→ Work instruction
Starting with the line that holds "Free People Vegan", repeat each line through the last one below, exactly. Pictures stay out.

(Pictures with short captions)
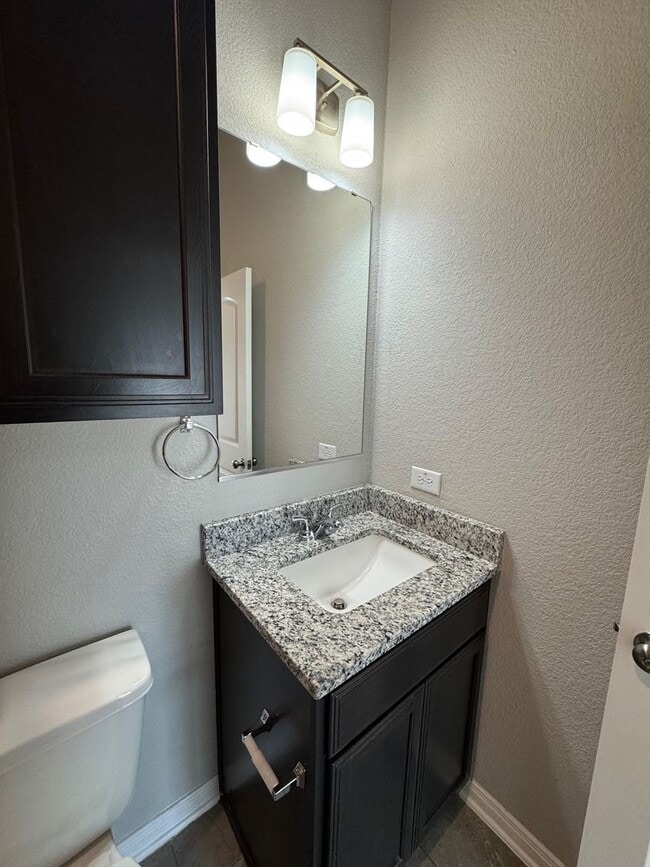 Building Photo - Beautiful Private Midway ISD Home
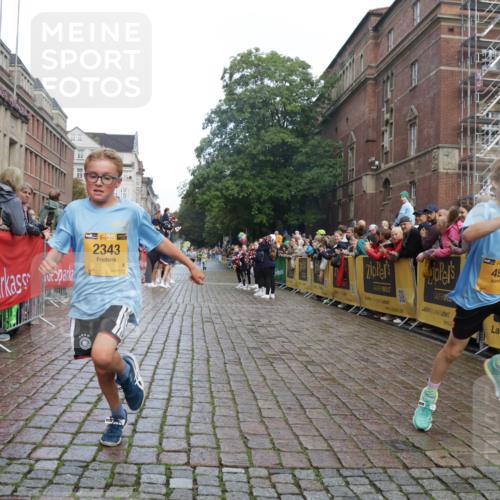 13.09.2026 - Kiel Lauf Yannick Fuchs http://msf.ph/oto/10277663 13.09.2026 08:50:42 Ziel 497, 2125, 2443, 3106, 5792, 7511, 9612, 10987, 1710, 3167, 3487, 8786, 10359, 11542, 496, 2343, 5959, 10957, 1710, 2909, 5168, 5258, 8786 meine-sportfotos.de
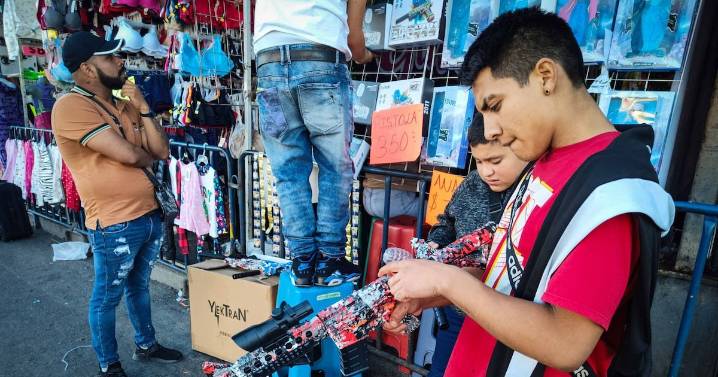 Santa Claus no regalará pistolas en navidad, van por la prohibición de juguetes bélicos en CDMX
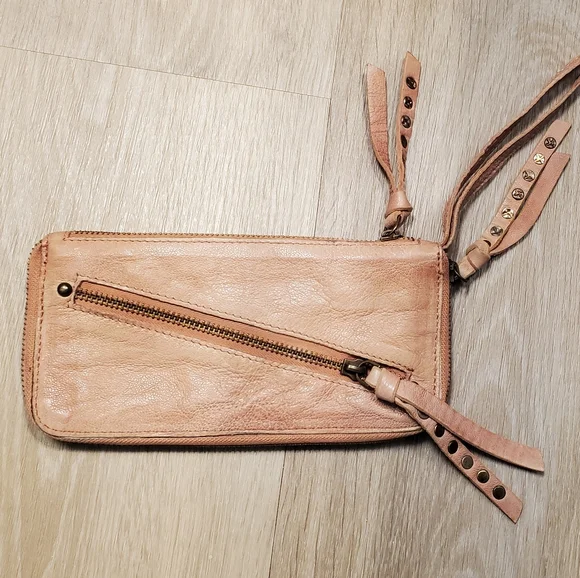 Free People Vegan Wallet Distressed - Picture 3 of 8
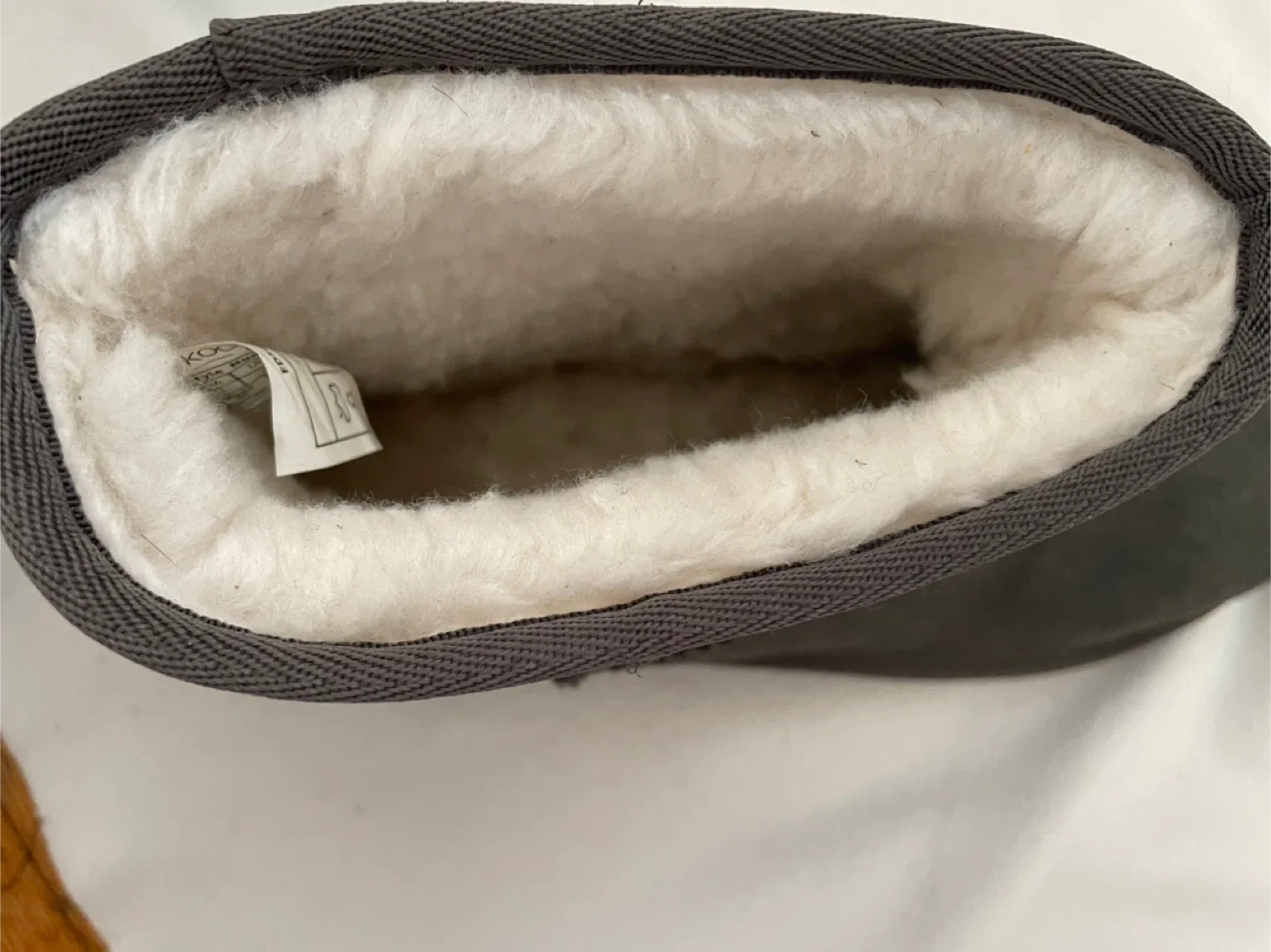 UGG Women's Mini Boot Size 7 Gray image indicator(2)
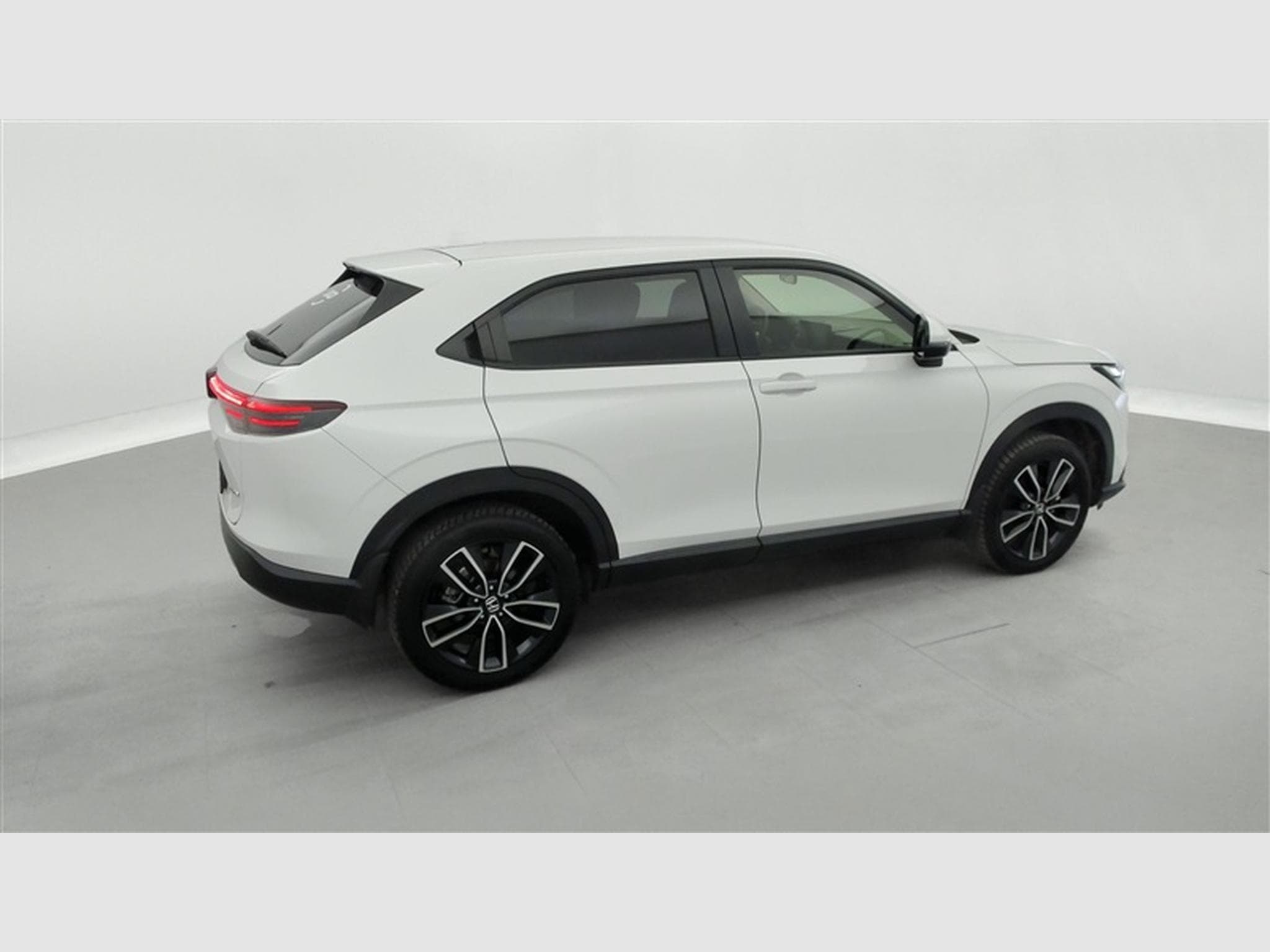 Honda HR-V 1.5 HEV Elegance NAVI / CARPLAY / CAMERA / ALU / PDC (2025) - Photo 24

→ Answer space
 Free People Vegan Wallet Distressed - Picture 3 of 8
 UGG Women's Mini Boot Size 7 Gray image indicator(2)
 Honda HR-V 1.5 HEV Elegance NAVI / CARPLAY / CAMERA / ALU / PDC (2025) - Photo 24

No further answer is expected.